-- INFORMATION GIVEN follows --
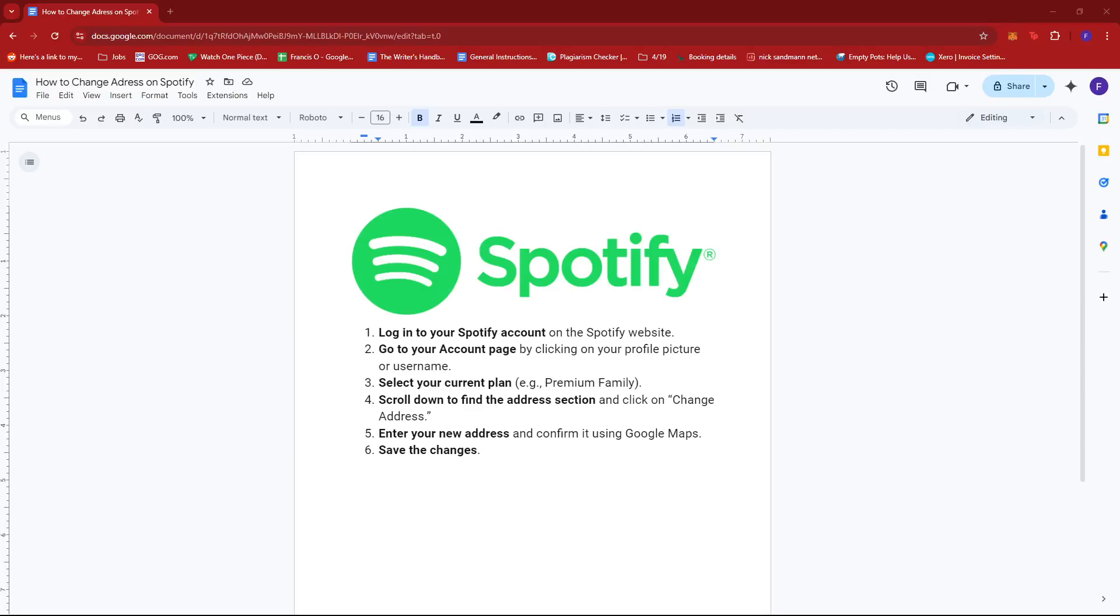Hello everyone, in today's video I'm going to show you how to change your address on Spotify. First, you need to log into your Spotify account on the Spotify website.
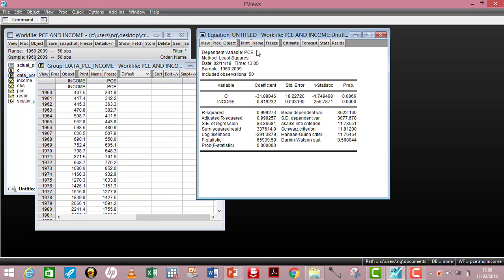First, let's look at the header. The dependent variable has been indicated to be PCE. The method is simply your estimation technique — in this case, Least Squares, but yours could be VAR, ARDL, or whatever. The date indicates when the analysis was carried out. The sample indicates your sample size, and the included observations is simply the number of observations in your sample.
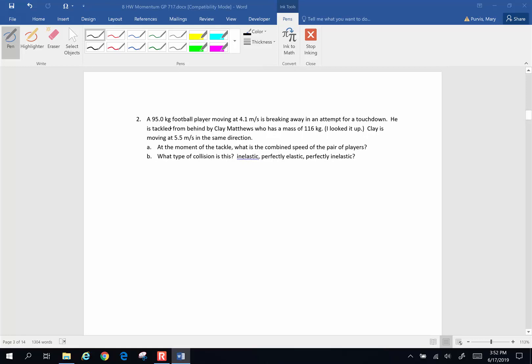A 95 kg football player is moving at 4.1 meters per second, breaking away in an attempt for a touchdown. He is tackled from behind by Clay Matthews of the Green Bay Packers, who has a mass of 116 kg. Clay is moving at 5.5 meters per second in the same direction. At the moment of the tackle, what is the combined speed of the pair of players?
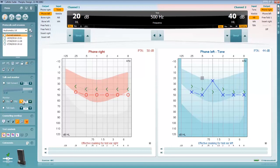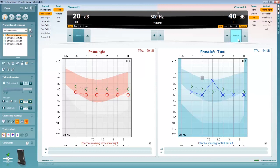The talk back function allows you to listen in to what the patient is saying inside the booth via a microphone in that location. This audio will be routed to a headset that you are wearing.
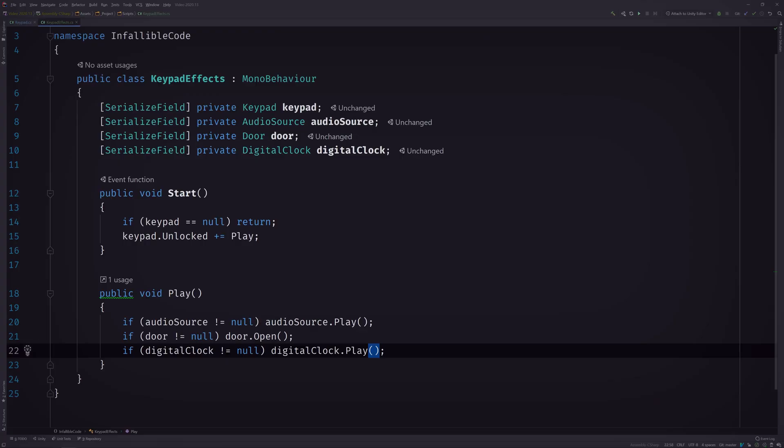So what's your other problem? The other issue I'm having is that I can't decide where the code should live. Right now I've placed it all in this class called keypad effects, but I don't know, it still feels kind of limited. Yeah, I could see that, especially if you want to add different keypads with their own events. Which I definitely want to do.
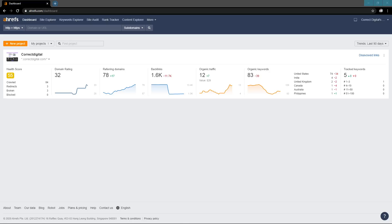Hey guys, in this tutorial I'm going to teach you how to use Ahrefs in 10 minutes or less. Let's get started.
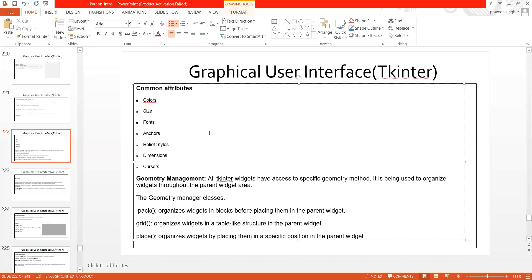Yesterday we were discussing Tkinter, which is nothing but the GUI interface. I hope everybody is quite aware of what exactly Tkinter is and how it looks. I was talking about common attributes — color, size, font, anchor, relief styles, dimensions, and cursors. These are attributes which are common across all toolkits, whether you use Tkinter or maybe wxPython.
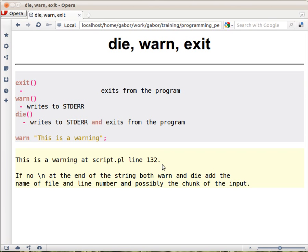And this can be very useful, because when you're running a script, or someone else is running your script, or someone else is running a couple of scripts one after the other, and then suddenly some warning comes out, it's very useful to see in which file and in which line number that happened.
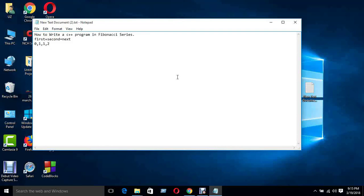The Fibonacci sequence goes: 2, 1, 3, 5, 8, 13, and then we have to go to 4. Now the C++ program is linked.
-- INFORMATION GIVEN concluded --
Begin with the first line of the entries above and write out each line exactly, ending with the line containing "The talk back". Leave out pictures.

RESPONSE:
Hello everyone, in today's video I'm going to show you how to change your address on Spotify. First, you need to log into your Spotify account on the Spotify website.
First, let's look at the header. The dependent variable has been indicated to be PCE. The method is simply your estimation technique — in this case, Least Squares, but yours could be VAR, ARDL, or whatever. The date indicates when the analysis was carried out. The sample indicates your sample size, and the included observations is simply the number of observations in your sample.
A 95 kg football player is moving at 4.1 meters per second, breaking away in an attempt for a touchdown. He is tackled from behind by Clay Matthews of the Green Bay Packers, who has a mass of 116 kg. Clay is moving at 5.5 meters per second in the same direction. At the moment of the tackle, what is the combined speed of the pair of players?
The talk back function allows you to listen in to what the patient is saying inside the booth via a microphone in that location. This audio will be routed to a headset that you are wearing.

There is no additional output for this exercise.